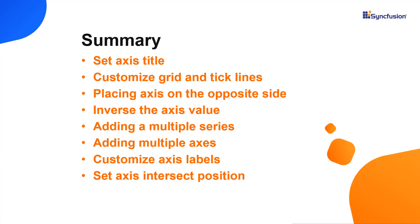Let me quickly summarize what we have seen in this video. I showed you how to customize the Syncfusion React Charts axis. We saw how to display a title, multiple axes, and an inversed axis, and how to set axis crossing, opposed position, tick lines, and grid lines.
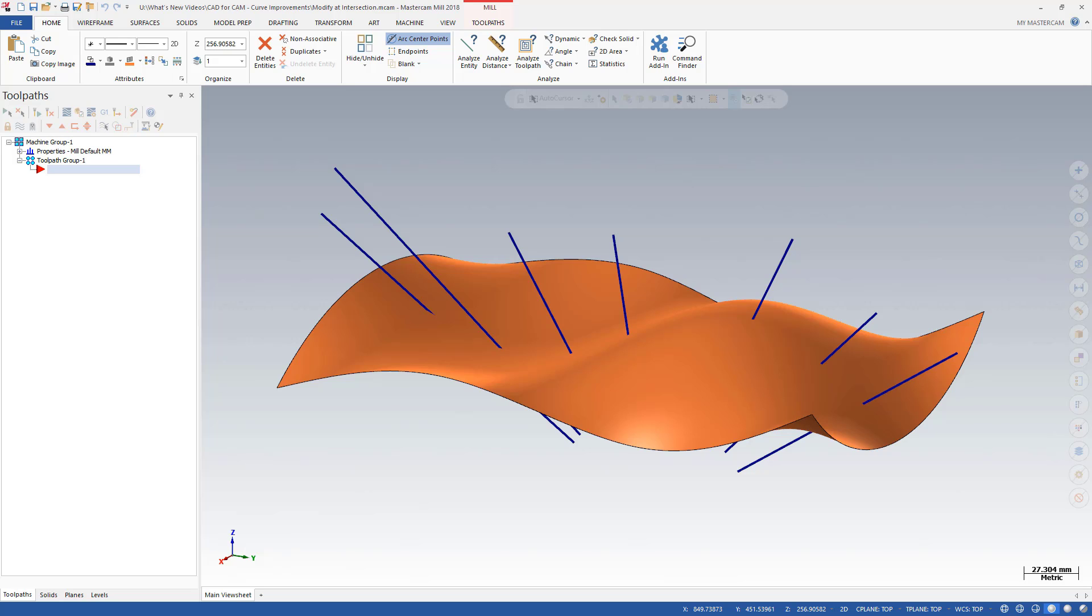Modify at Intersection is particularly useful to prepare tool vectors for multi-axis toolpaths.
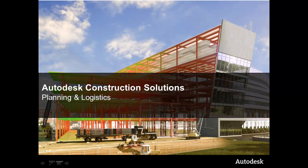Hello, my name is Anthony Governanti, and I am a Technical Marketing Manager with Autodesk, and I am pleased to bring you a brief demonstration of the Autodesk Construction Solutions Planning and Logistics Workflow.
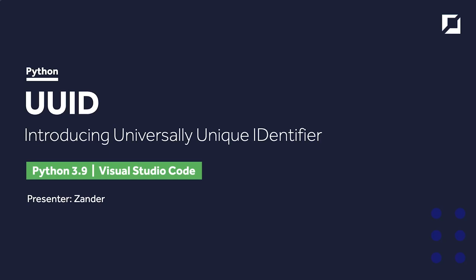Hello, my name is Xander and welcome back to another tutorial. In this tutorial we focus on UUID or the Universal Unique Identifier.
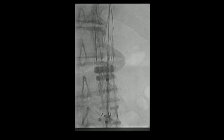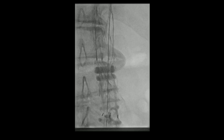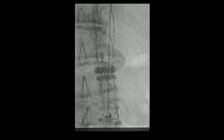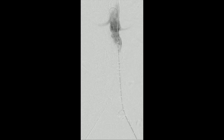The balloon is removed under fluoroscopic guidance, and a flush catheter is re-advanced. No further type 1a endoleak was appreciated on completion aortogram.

━━━━━━

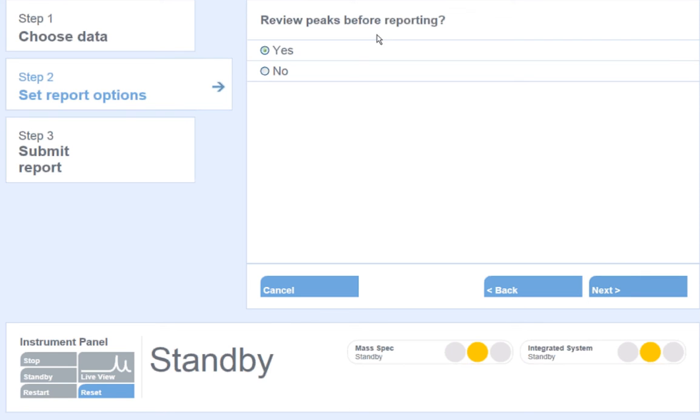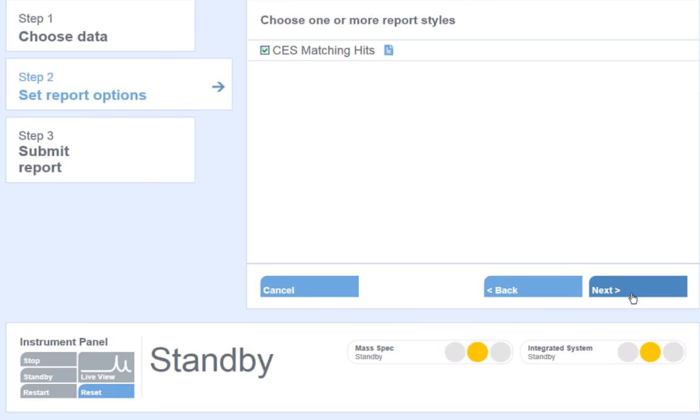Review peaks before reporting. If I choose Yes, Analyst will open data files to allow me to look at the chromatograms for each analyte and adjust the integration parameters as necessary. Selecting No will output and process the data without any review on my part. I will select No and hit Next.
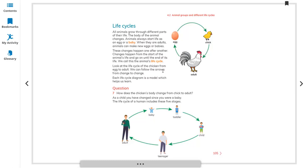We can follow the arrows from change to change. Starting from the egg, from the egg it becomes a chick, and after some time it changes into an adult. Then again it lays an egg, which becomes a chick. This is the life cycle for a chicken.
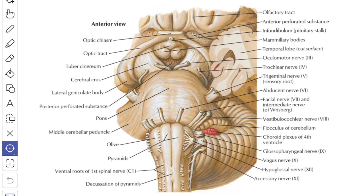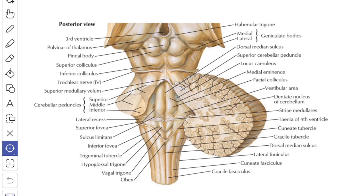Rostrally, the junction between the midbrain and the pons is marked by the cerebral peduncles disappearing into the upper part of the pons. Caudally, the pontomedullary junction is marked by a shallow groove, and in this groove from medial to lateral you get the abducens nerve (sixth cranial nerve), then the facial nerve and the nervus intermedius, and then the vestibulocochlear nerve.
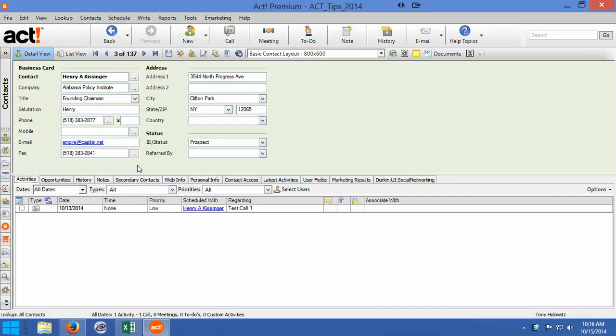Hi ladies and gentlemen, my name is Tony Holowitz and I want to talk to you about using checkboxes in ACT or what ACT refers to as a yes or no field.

━━━━━━

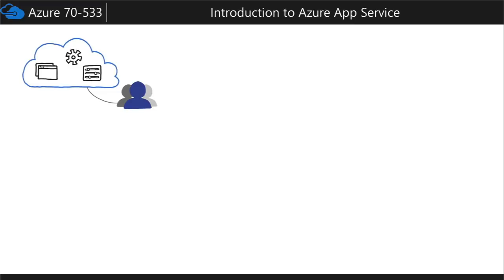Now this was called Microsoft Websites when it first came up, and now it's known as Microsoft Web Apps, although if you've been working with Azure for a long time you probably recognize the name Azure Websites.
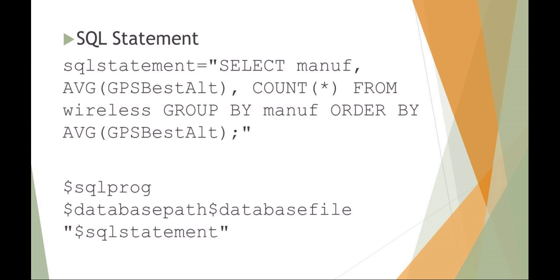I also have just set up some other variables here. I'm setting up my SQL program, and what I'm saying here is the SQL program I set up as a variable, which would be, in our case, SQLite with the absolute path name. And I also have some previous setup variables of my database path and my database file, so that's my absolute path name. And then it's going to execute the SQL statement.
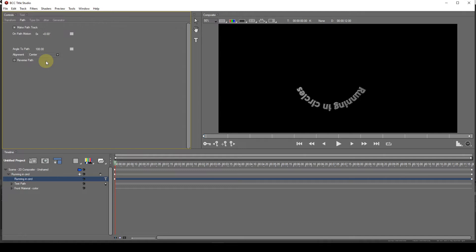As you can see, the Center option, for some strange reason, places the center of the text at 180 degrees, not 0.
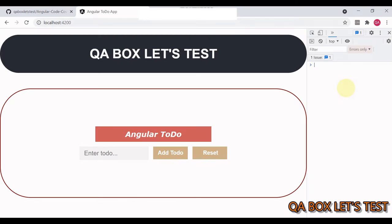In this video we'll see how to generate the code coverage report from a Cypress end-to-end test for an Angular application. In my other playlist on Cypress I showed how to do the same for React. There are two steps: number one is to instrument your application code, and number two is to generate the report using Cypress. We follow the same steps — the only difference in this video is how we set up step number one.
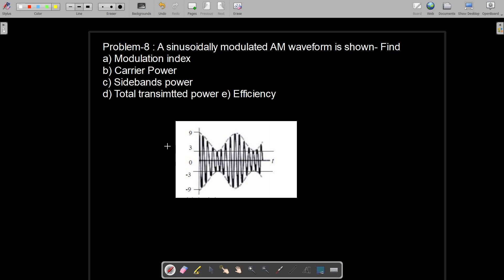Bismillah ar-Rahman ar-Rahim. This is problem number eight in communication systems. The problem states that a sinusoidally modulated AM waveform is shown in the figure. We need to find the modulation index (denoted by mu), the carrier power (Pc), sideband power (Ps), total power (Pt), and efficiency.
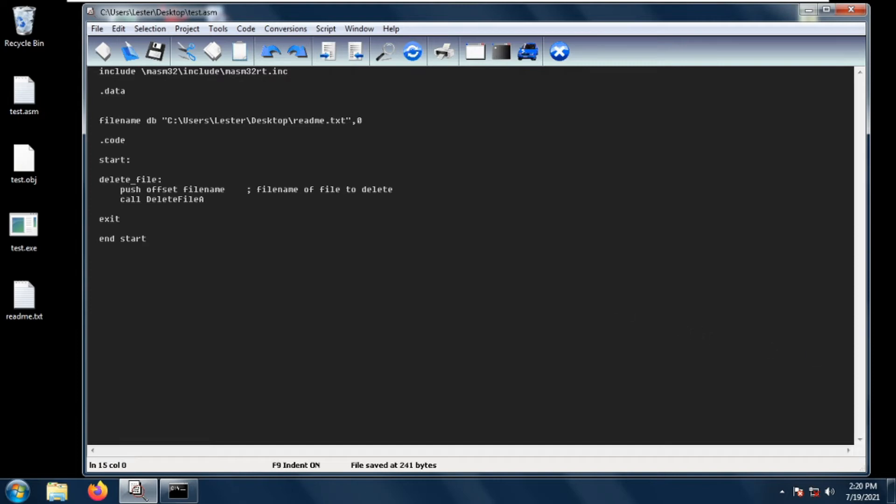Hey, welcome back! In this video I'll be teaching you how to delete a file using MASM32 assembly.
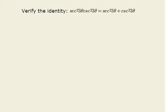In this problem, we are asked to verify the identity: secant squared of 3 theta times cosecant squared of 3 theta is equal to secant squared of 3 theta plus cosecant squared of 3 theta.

━━━━━━

» About this exercise:
In the listing above, find the line with "Rostrally, the junction" and the line with "Hi ladies and". Copy exactly those two and every line between, without the pictures.

» Reply:
Rostrally, the junction between the midbrain and the pons is marked by the cerebral peduncles disappearing into the upper part of the pons. Caudally, the pontomedullary junction is marked by a shallow groove, and in this groove from medial to lateral you get the abducens nerve (sixth cranial nerve), then the facial nerve and the nervus intermedius, and then the vestibulocochlear nerve.
Hi ladies and gentlemen, my name is Tony Holowitz and I want to talk to you about using checkboxes in ACT or what ACT refers to as a yes or no field.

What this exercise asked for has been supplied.